Jésus annonce alors que Nathanaël et les autres disciples qui l’accompagnent verront « le ciel ouvert et les anges de Dieu monter et descendre au-dessus du Fils de l’homme » (1.51). De quoi Jésus parle-t-il, car le Nouveau Testament ne mentionne jamais la réalisation d’un tel événement ? L’illustration fait référence à l’expérience du patriarche Jacob lorsqu’il s’apprêta à fuir la Terre promise pour échapper à la colère de son frère Ésaü qu’il avait trompé (Ge 28.10-22). Durant la nuit, Jacob eut un songe :

 

« Et voici, une échelle était appuyée sur la terre, et son sommet touchait au ciel. Et voici, les anges de Dieu montaient et descendaient par cette échelle. Et voici, l'Éternel se tenait au-dessus d'elle ; et il dit : Je suis l'Éternel, le Dieu d'Abraham, ton père, et le Dieu d'Isaac » (Ge 28.12-13).

 

L’Éternel promet à Jacob de donner à sa postérité la terre qu’il est en train de quitter ; et il lui promet que sa descendance sera comme la poussière de la terre… et que toutes les familles de la terre seront bénies en lui et en sa postérité. Jacob nomme le lieu Béthel (‘la maison de Dieu’), car Dieu est dans ce lieu. Mais ce lieu représente aussi le début de la famille de Jacob, l’homme qui sera appelé plus tard Israël.

Jésus annonce à ses disciples un avenir tout aussi exceptionnel, voire plus. En fait, trois jours plus tard (2.1), lors d’un mariage à Cana en Galilée, Jésus accomplit son premier miracle. Le signe de l’eau changée en vin témoigne de la venue du Fils de Dieu parmi les hommes : le ciel est comme ouvert. Ce ne sont pas des anges qui montent et qui descendent une échelle, mais le Fils de Dieu vient visiter en personne les êtres humains.
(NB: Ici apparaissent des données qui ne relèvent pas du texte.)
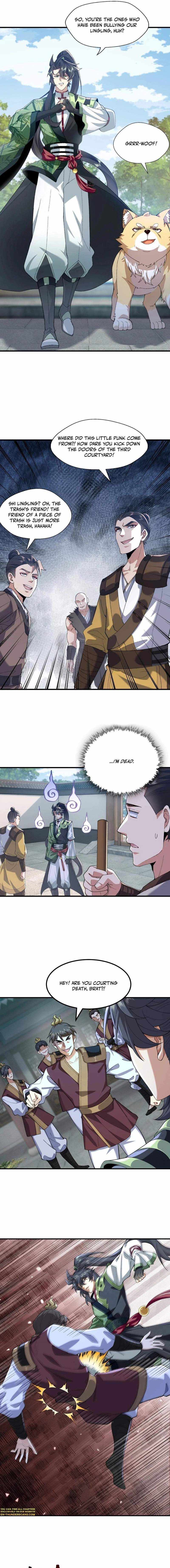 My Second Senior Brother Is a Mortal But Strong Chapter 51 page 5 -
L’Éternel avait parlé d’une famille nombreuse à Jacob. Jésus rassemble ses disciples autour de lui et fonde une nouvelle famille, la première communauté des croyants de la nouvelle alliance, une communauté qui deviendra aussi nombreuse que la poussière de la terre et s’étendra dans le monde entier.
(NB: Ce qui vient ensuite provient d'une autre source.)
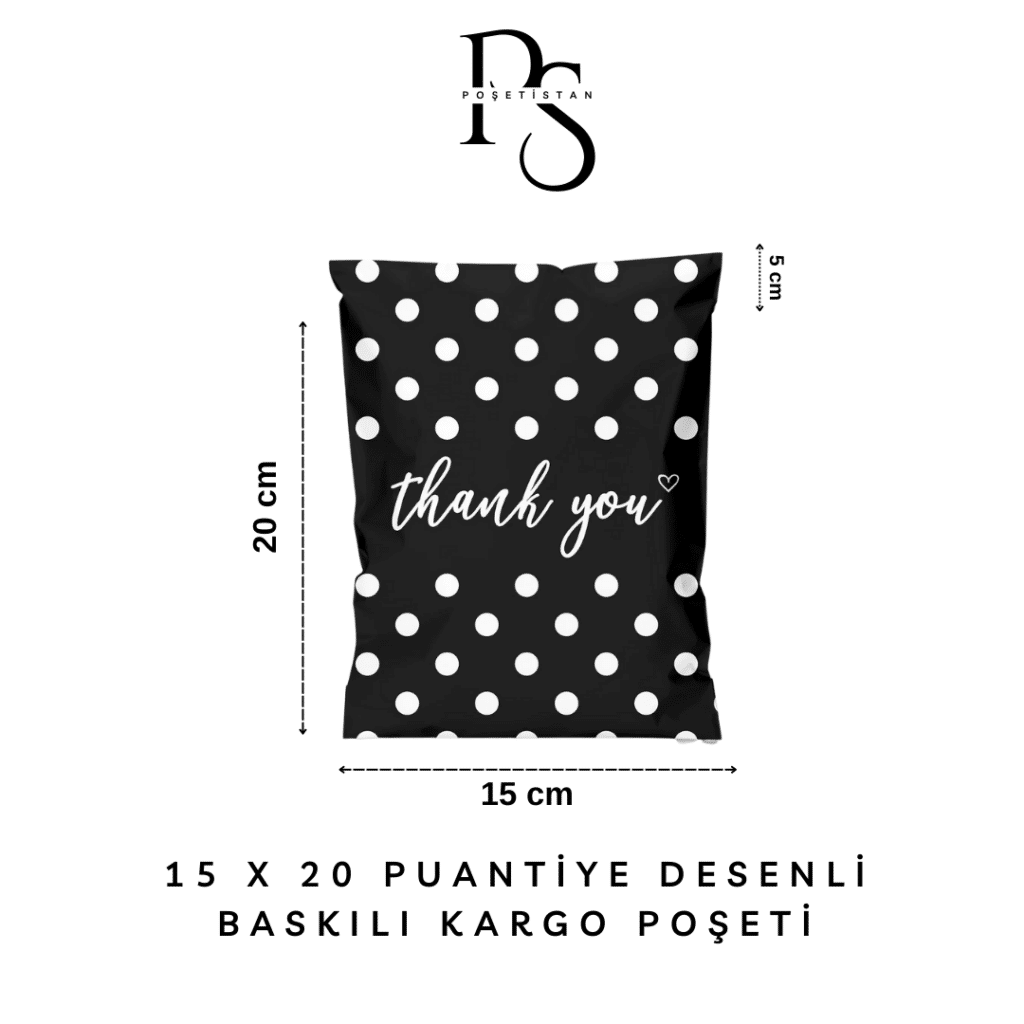 baskılı kargo poşeti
Notons que Jean a pris soin de transmettre les termes par lesquels Jésus et Nathanaël se désignent : Jésus appelle Nathanaël « un vrai Israélite », et celui-ci appelle Jésus « le roi d’Israël ». (Le mot ‘Juif’ est soigneusement évité ici.) La référence indirecte au patriarche Jacob-Israël encourage le lecteur à comparer la famille d’Israël du temps du patriarche avec la nouvelle famille que Jésus est en train d’établir.
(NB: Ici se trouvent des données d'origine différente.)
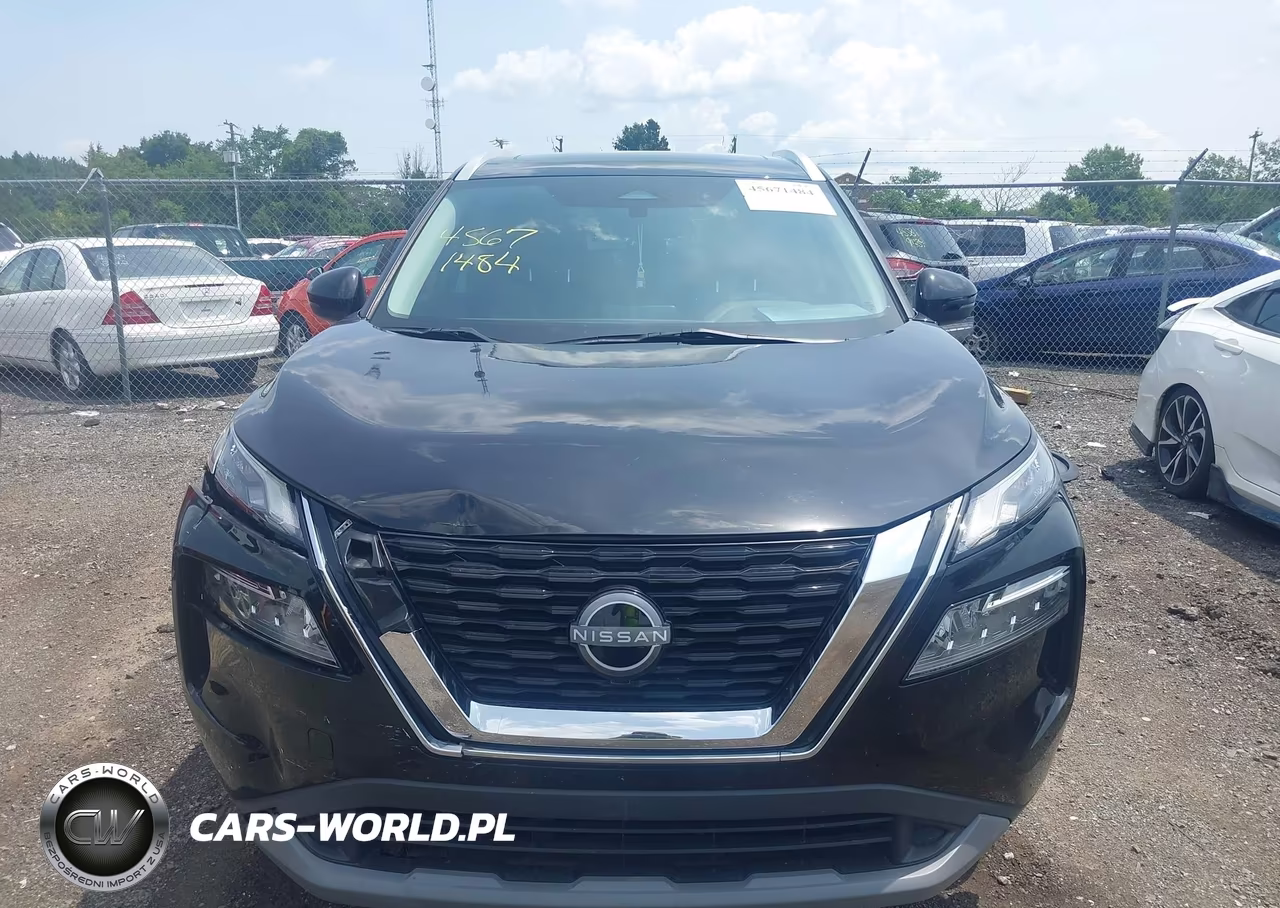 2023 Nissan Rogue Sv Intelligent Awd VIN:5N1BT3BB1PC693049 - 13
Plusieurs contrastes doivent être relevés entre Jacob et Nathanaël. Le patriarche est un homme rusé et tordu lorsque l’Éternel se révèle à lui à Béthel, alors que Nathanaël est l’homme sans fraude quand Jésus se manifeste à lui. Jacob deviendra un autre homme lorsqu’il reviendra au pays. Il recevra alors un nom nouveau, Israël, celui qui « lutte avec Dieu » et qui finit par être béni (Ge 32.29). Nathanaël n’a jamais lutté avec Dieu. Il a aussi deux noms. Les évangiles synoptiques le désignent par le nom qui le rattache à son passé, c’est-à-dire son père (Barthélemy signifie ‘le fils de Thélemy’, Mt 10.3 ; Mc 3.18 ; Lc 6.14) ; Jean utilise le nom qui souligne la grâce (Nathanaël signifie ‘don de Dieu’).

La rivalité entre Jacob et Ésaü (les frères jumeaux) est profonde, alors que la méfiance de Nathanaël envers Jésus (un homme du village voisin) est infondée. La rivalité entre les deux frères tombe lorsque les jumeaux se retrouvent après plusieurs décennies, alors que le scepticisme de Nathanaël face à Jésus se transforme en admiration aussitôt qu’il le rencontre.

Au temps des patriarches, le ciel s’est ouvert une fois, en rêve, à Jacob. Les disciples verront le ciel ouvert à de nombreuses reprises, pendant trois ans, non pas en rêve, mais dans la réalité concrète des miracles de Jésus.